Hilton, the former Fox News host, Silicon Valley entrepreneur and policy adviser to British ex-Prime Minister David Cameron, ditched his mobile device a dozen years ago and, seemingly, never looked back. Hilton was more relaxed, carefree and happier.

“When people discover this fact about my life, they could not be more surprised than if I had let slip that I was actually born with a chicken’s brain,” Hilton wrote in the Guardian in 2016. “‘But how do you live?’ they cry.”

Turns out, he doesn’t — at least not anymore.

POLITICO made the surprising discovery that Hilton is again with a cell phone after a happy hour this week in Sacramento, where the Republican sipped prosecco while touching on his increasing involvement in California politics. On Tuesday, Hilton’s Golden Together, a group aiming to restore the California Dream of fast success that began during the Gold Rush, released its second policy paper, this one on ending the housing shortage and ushering in an era of “housing abundance.” While leaving for a dinner date, Hilton pulled out the phone, perhaps inadvertently, then held it up after realizing he’d just made news.

“Well, there’s a story there,” Hilton acknowledged, before mugging for a photo with his Kyocera flip-phone, which was stamped with a Verizon logo.

Hilton’s cell phone-free lifestyle had become luddite lore. It started after he moved to Atherton, a community of billionaires in Silicon Valley, in 2012. (A New York Times Style section cover photo from 2017 showed him recreatingwith his pet chickens, his favorite of which was a brown hen named Hermione). When he had to yak with humans, Hilton communicated via landline and email, and a few times a month resorted to asking friends to hail him an Uber or Lyft.

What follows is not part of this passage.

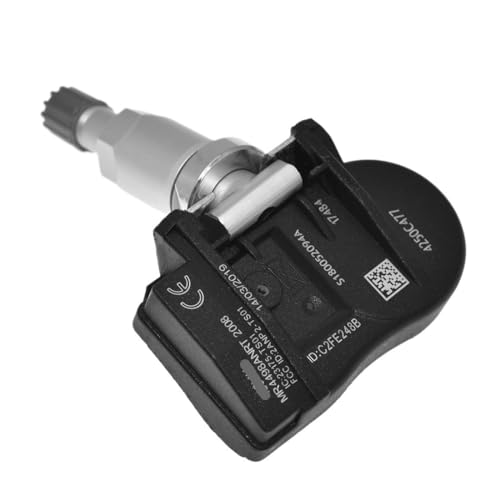 Capteur pression pneus TPMS 4250C477 résout panne alerte pneu Fiat Fullback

Hilton, bald and charmingly puckish, found the idea that everyone should be connected and contactable all the time not just bizarre, but menacing. In a 2018 segment on Fox Business Network, about Google tracking smartphone users, he gloated about how wise his decision was.

So, what changed? How did a bloke so strident in his abstinence start toting a phone again?

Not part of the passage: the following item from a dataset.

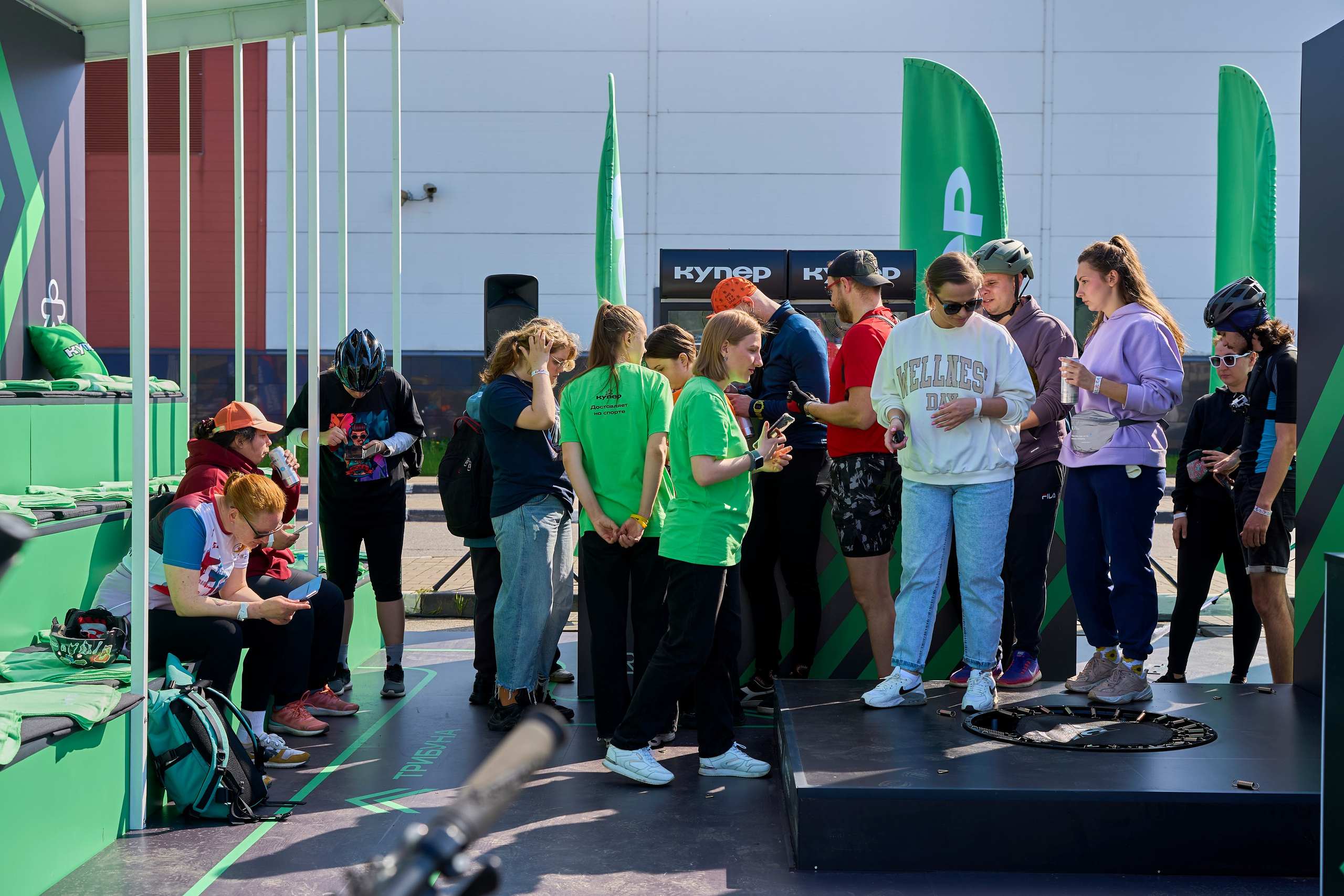 ЗСД Фонтанка Фест. Фотограф-видеограф в Санкт-Петербурге Владимир Нестеров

First, Hilton has only partially succumbed to the modern era. He rarely shares his number. He has between 10 and 15 contacts stored in the flip-phone, he said, an amount that’s small by comparison to most people, but exponentially larger than… zero. Hilton also owns an iPhone with no SIM card that he calls his “camera,” which he uses on occasion to take pictures and upload them to Google.

He explained that the flip phone came into his possession years ago when he started to travel to the East Coast to appear on Fox. He says he never gave out the number and only used it to wish his children goodnight without racking up enormous long-distance charges with hotels. The rest of the time, it sat in a drawer at home and the Hiltons joked that it wasn’t a phone so much as a “Family Connection Device.”

Then, two years ago, his closest friend had a tragedy so he shared his number so they could communicate by text — the way the friend preferred to stay connected.

“But for years, literally no-one else had it,” Hilton stressed about his mobile number.

The big change came just this year. Over the last couple months, he’s been on the road in California two or three days most weeks, enough to feed the rumor mill with grist that he has his eye on higher-office in 2026, perhaps California governor. Hilton said he does get asked about running, but offered little else. As for the phone, he’s found it impossible to make his schedule work without a faster and more efficient way of staying in touch with people given road traffic and last-minute meetings.

Hilton reports that he isn’t any less happy, but conceded it’s annoying when the cell goes off at home. If you’re still wondering about the prosecco, Hilton, known for his Cinco de Mayo parties, wanted a margarita, but enjoys them “too much,” and worried he couldn’t stop imbibing.

On a more serious note, he’s genuinely outraged that more businesses and services require smartphones for things like accessing events via QR code only. He agrees with Democratic Rep. Adam Schiff’s recent warning about the “dangerous implications” of AT&T dropping landline services. He maintains his hatred for phones with email and apps that track—as well as distract—users. And he still believes in encouraging less smartphone use, not more.

Concluded Hilton: “I am determinedly insisting I will not get a smartphone!”